| EXERCISE |
Leaving out the pictures, retype exactly the lines from the one holding "3D Effects Style" through the end of the material.

***

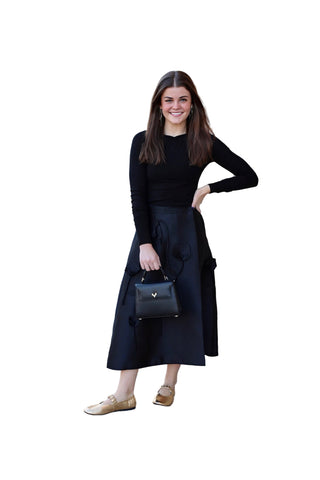 Floral Wrap Skirt- Black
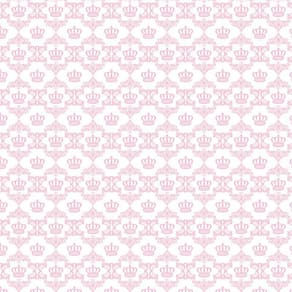 Papel De Parede Branco E Coroas Rosa Infantil Quarto Bebê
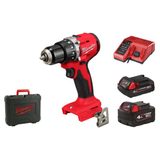 Aku bezuhlíkový vrtací šroubovák, příklep. M18 BLPDRC-422C, MILWAUKEE (4933492825)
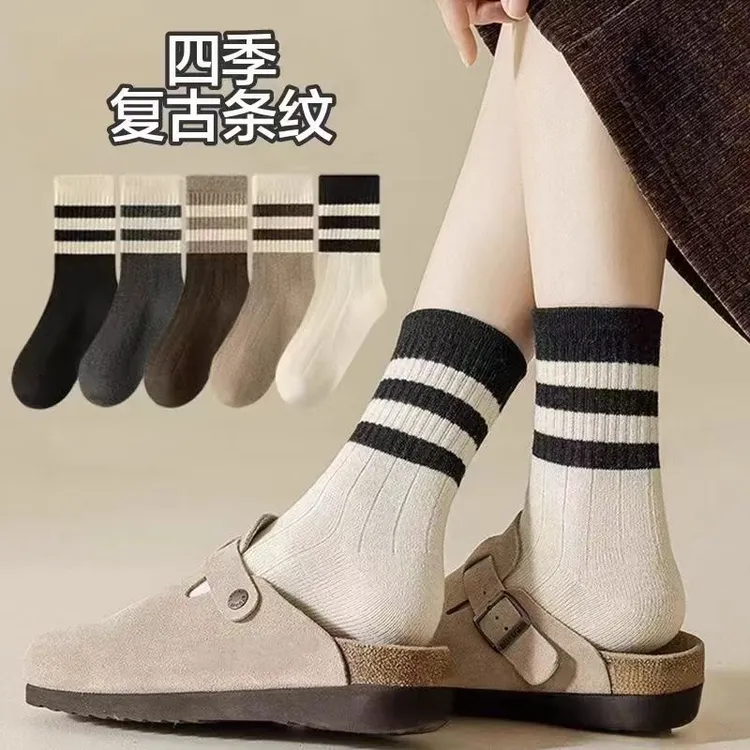 配鲨鱼裤专用袜子女秋冬款加厚保暖ins潮流简约百搭条纹中长筒袜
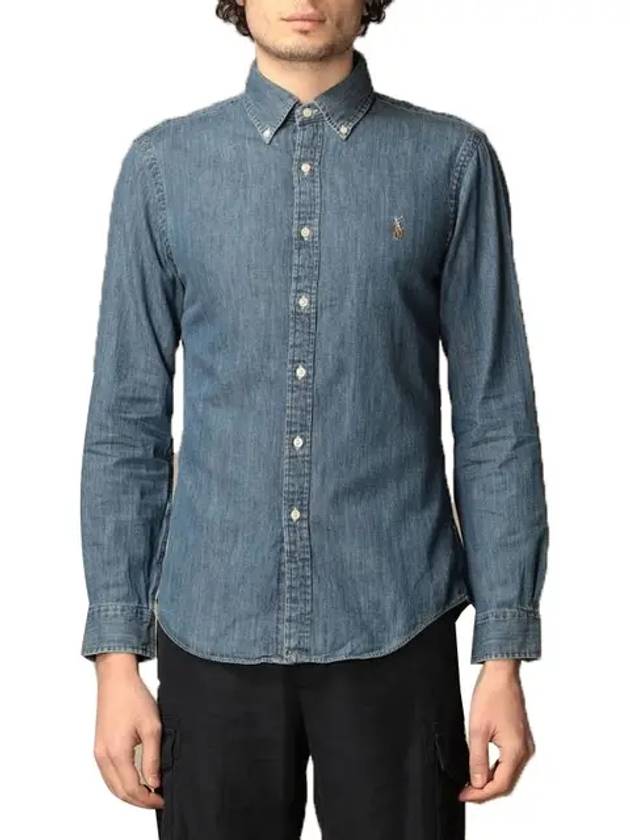 Pony Logo Denim Slim Fit Long Sleeve Shirt Blue - POLO RALPH LAUREN - BALAAN 3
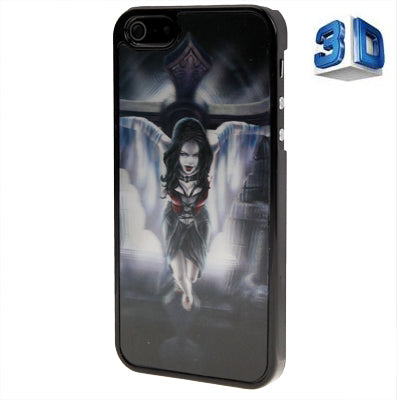 3D Effects Style Vampire Beauty Pattern Plastic Case for iPhone 5 & 5s & SE
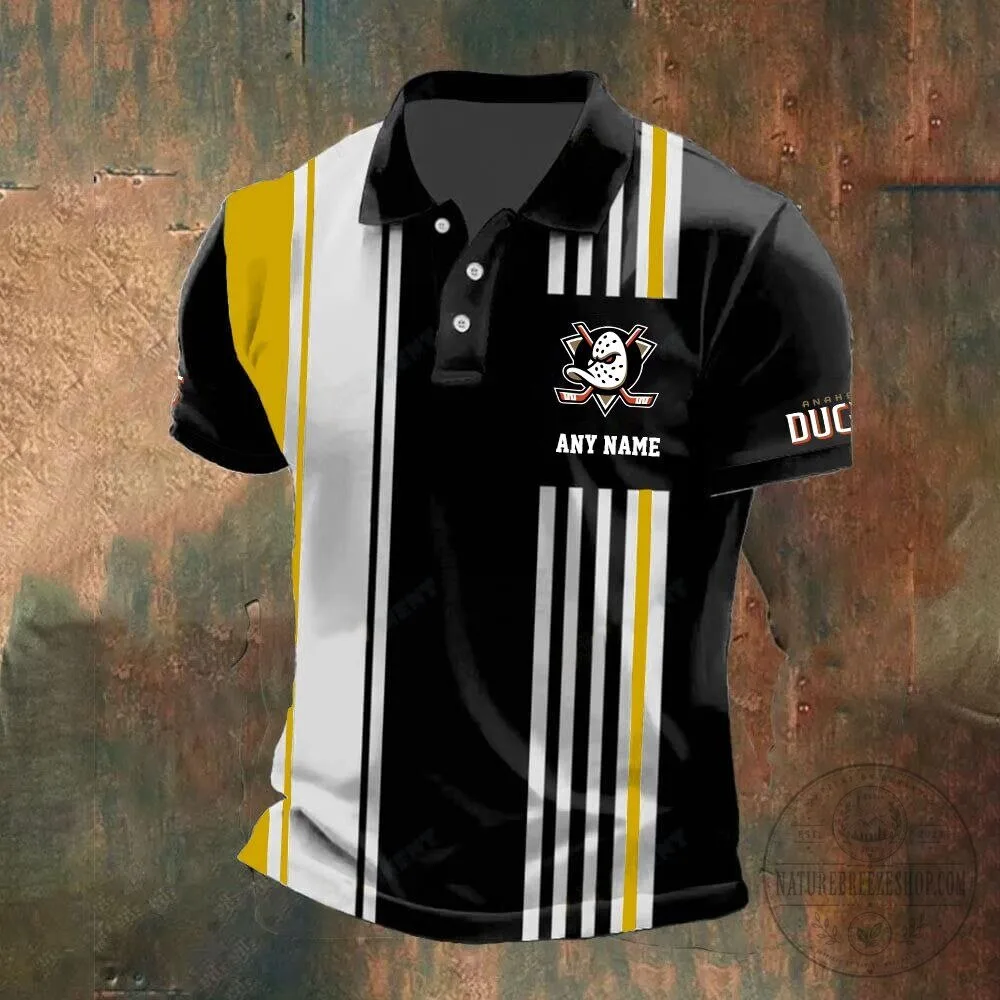 Anaheim Ducks Personalized Black White Striped Hockey Team Polo Shirt 17 Anaheim Ducks Personalized Black White Striped Hockey Team Polo Shirt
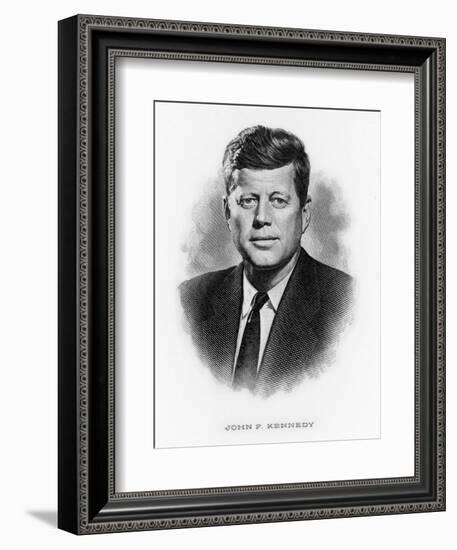 John Fitzgerald Kennedy President of the USA 1961-1963-null-Framed Art Print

***

| SOLUTION TO THE PROBLEM |
 3D Effects Style Vampire Beauty Pattern Plastic Case for iPhone 5 & 5s & SE
 Anaheim Ducks Personalized Black White Striped Hockey Team Polo Shirt 17 Anaheim Ducks Personalized Black White Striped Hockey Team Polo Shirt
 John Fitzgerald Kennedy President of the USA 1961-1963-null-Framed Art Print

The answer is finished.